Una giovane ragazza si prepara a ricevere nel proprio appartamento un cliente. C’è lei davanti a uno specchio che si agghinda: capelli, smalto, scelta dell’abito. Siamo a metà degli anni 90, nella Milano di Tangentopoli, epicentro della fortissima scossa di terremoto nella politica italiana. Dulcinea – il nome della giovane – vive la sua vita incurante di ciò che la circonda, dei più dei 25 messaggi in segreteria, come se il maggiordomo, un Don Chisciotte factotum, che lustra, pulisce, strofina, lava, fosse invisibile. Un uomo impeccabile, con camice da lavoro che ossessivamente passa piumini e spugnette e trafuga alcuni oggetti della ragazza, riponendoli in sacchetti di plastica, e successivamente nella sua valigetta ventiquattr’ore.
Altre volte gli oggetti di feticcio vengono distrutti, vittime di raptus maniacali, in una meccanica che conduce alla ripetizione di un rito di celibato e di solitudine. C’è la rappresentazione di autodistruzione, autodivinizzazione, vari complessi di Amleto e simili. E poi l’amore e il potere e la pericolosa combinazione di questi due fattori.

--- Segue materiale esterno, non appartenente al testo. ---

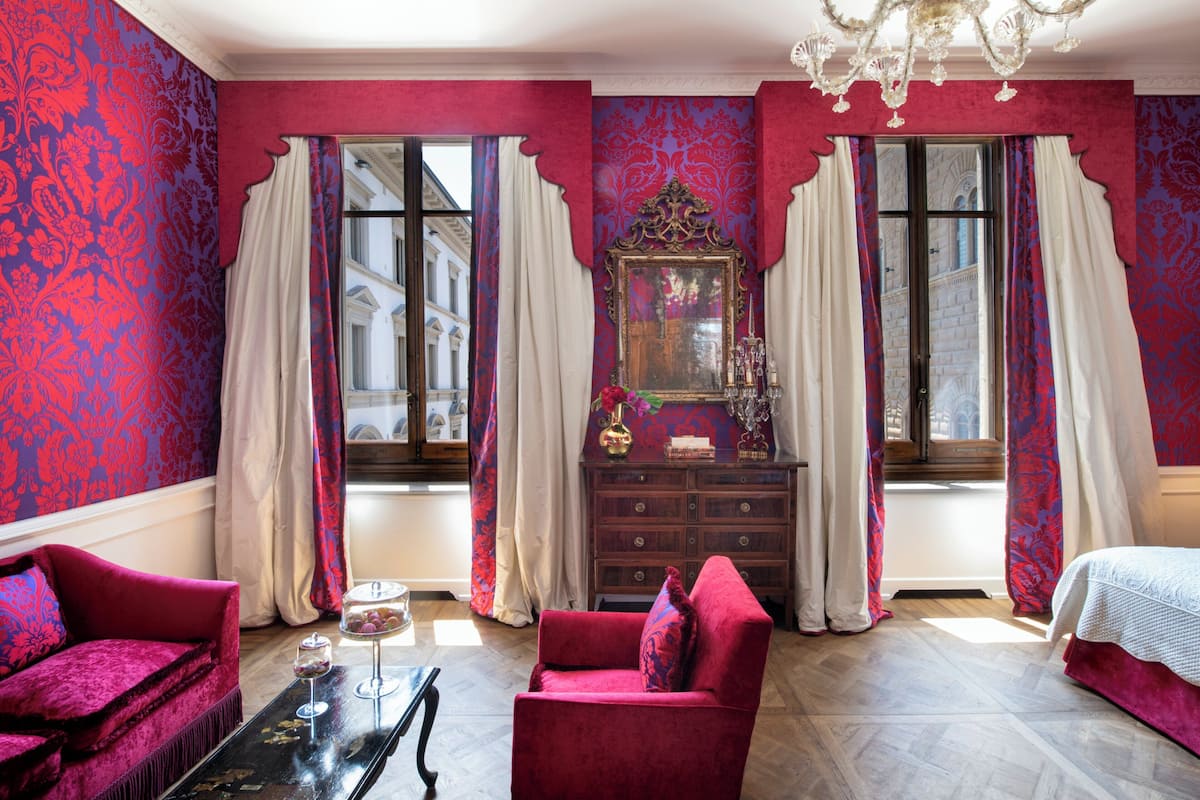Una habitación con un sofá rojo, un aparador de madera y una cama. Hay dos ventanas con cortinas, y un candelabro cuelga del techo.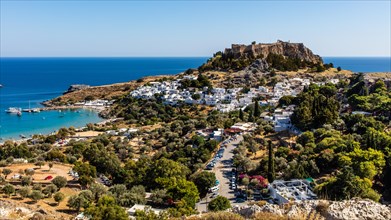 View of Lindos with white houses, acropolis and beach, Rhodes, Greece, Europe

“Dulcinea è il primo di tre lavori girati integralmente all’interno di ambienti domestici. L’ho chiamata “trilogia dell’appartamento”. Si tratta di tre lungometraggi ossessivi e patologici in cui la solitudine delle vicende dei protagonisti è messa in costante rapporto con lo spazio architettonico ospitante. Tre lavori in tre formati diversi: 16mm per Dulcinea, VHS e videocamera digitale per gli altri due, attualmente in fase di realizzazione. In Dulcinea la solitudine che permea i protagonisti è una presenza assente, celata da azioni routinarie e dalla didascalica successione degli eventi che li colloca apparentemente fuori dal tempo e dalle miserie umane. Svuotati da ogni psicologismo, gli attori aderiscono per tutta l’opera ad una postura ingessata, conducendo lo spettatore di fronte a una pièce marionettistica di riesumazione e sessualità feticista”.